しかしながら、「歩けなくてもできること、ではなく、歩けないからできることがある」とあるとき気がついた。それで二十歳の時起業。障害は、プラスに、価値に変えていけると確信している。そこで、私(当社)のビジョンは「バリアバリュー」、すなわち、バリア(障害)をバリュー(価値)に変え、社会を変革していくことである。
この病気は遺伝性で、父も、弟も同様。外に出ることもなく生涯を終えている先祖も。幸いにも私は恵まれて、学校に行けて、またこうして働けている。不便は多いが、だからこそ変えていかねばならない。もし自分が家庭を持てば、子供にも遺伝するかもしれない。その時に子供が苦労しない社会を創りたい。そう願って仕事に向かっている。

2.多様性と向き合った日本の歴史

日本の多様性に関する歴史は非常に古い。飛鳥時代には、障害者にも口分田を与えられており、税も課されていた。なんと驚いたことに、この時代から障害者が社会で平等に扱われていたのである。
時代は遡り江戸時代。全15代の将軍のうち2人が障害者。でも排除されず、サポートの体制が築かれており、成熟社会だったと言える。
第二次大戦後、社会の中に「福祉」が位置付けられた。法定雇用率やバリアフリー化、また2016年には障害者差別解消法が制定され、徐々に障害者を軸とした多様性の社会が形成されてきた。バリアフリー化率は90%以上。欧米よりも圧倒的に進んでいる。
障害者は日本の人口の8%(965万人)。左利きの人が10%と言われるが、それに匹敵する。障害者が物を買う、サービスを利用できる時代になった。すなわち、これからは、単なる社会福祉ではなく、「市場」として見るべきである。経済活動、地域活性、ビジネスとなり得るのだ。

3.障害者に立ちはだかる3つの「バリア」

日本は、障害者が外出しやすい社会であるが、“外出したくなるか”は別。健常者や企業の反応は、「無関心」か「過剰」。人も企業も、向き合い方が2極化している。
もっと、マイノリティの人たちの立場になって考える必要がある。歩けないことが障害なのではなく、社会の側に障害(バリア)がある。そのバリアは「環境、意識、情報」の3つ。

① 環境

  • 施設…バリアを無くすのではなく、最初からつくらない配慮。もしバリアが残っても、開示・発信をすることでミスマッチを防ぐことができる。
  • 商品…マーケティングが必要。障害者を商品企画に巻き込む「インクルーシブな開発」をしよう。「だれ一人取り残さない商品づくり」を目指して。

② 意識

  • 例えばエレベーター、30代以上の人はエレベーターを車いすの人に譲らない。これは教育の問題。20代以下は障害者と一緒に教育を受けている。企業においてはより顕著。

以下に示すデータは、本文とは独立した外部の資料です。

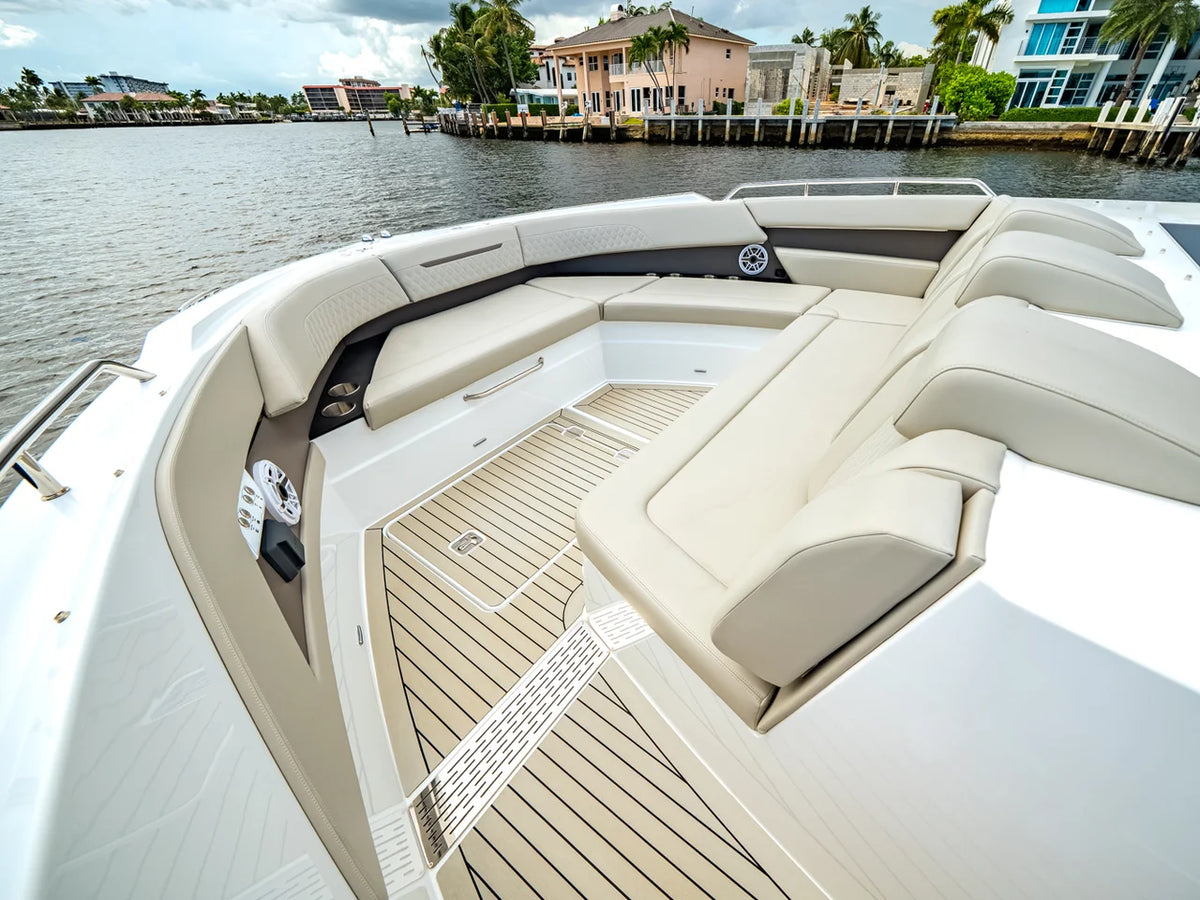 2026 Cruisers Yachts 50 GLS Outboard 50.0 feet, Clearwater, Florida #39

障害者が離職している現状がある。
  • 風土づくりという点では「ユニバーサルマナー検定」がおすすめ。特別な知識や、高度な技術は不要。誰もが身に着けて当然の領域にしていきたい。
  • 対応「過剰」にならないためには、「押し付けでなく、障害者に選択肢を」。「ハードを変えられなくても、ハートは変えられる。」

③ 情報

  • 「Webアクセシビリティ」の向上が急がれる。自動読み上げ機能がスマホ等についているが、90%の企業Webサイトは読み上げ機能をつけていない。ECにおける訴訟の増加に伴い、企業の対応も進めていく必要がある。
  • 障害者対応のDXを進めている。障害者手帳は1949年からあるが、なんとフォーマットがバラバラで世の中に283もある。これを1つにまとめ電子化したのがデジタル障害者手帳「MIRAIRO ID」。障害者と企業を結びつけるプラットフォーム。現在3,800社に導入・利用されている。

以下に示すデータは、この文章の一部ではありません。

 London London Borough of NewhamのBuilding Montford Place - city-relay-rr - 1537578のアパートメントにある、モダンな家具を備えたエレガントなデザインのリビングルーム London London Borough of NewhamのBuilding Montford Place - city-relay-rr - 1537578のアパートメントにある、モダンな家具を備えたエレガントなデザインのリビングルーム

4.今後の日本の在り方 ~多様性溢れる社会に向けて~

障害者対応は、社会貢献だけでなくビジネスに進化している。世界で暮らす障害者18.5億人。13兆ドルの市場があるが、インクルーシブな製品等を提供している企業の割合5%のみ。まだまだできることはたくさんある。
また、高齢者のニーズは、障害者のニーズを統合した状態である。障害者の様々なニーズを満たす事業は、超高齢社会の日本にとって必要なことである。
誰と向き合うべきか、どう対応すべきかを考えることで、もっとビジネスとして成長できる。「社会性と経済性」。ビジネスとして、何ができるかを考え、実践して、業界の手本・規範を皆で創ってほしい。多様性対応が1,300年前から始まっているこの日本だからこそ、ハードも、ハートも、デジタル領域も、世界の手本となる、誇れる日本を実現してほしい。

高橋ゆき氏 コメント(コーディネーター)

高橋 ゆき 氏

株式会社ベアーズ
取締役副社長

  • 修学旅行時の苦い経験(旅行は不便ばかりで行きたくなかったという思い出)が垣内さんのビジネスの種になったとのお話がありました。
  • 単にソーシャルグッドであるだけでなく、また、社会課題をマネタイズしただけでなく、「共感」を生み出し、文化・思想を向上させているのが垣内さんの仕事。垣内さんの言葉が「言霊」になり、様々な思いやアイデアが次々と実現しています。
  • 今回のフォーラムでのご縁が、参加された皆さんの事業創造への行動力に繋がることを願っています。

プロフィール

家事代行サービスのベアーズを創業。家事代行、ハウスクリーニング等を展開、業界のリーディングカンパニーに育てる。各種ビジネスコンテストの審査員やビジネススクールのコメンテーターを務め、また家事研究家、日本の暮らし方研究家としてもテレビ・雑誌などで幅広く活躍中。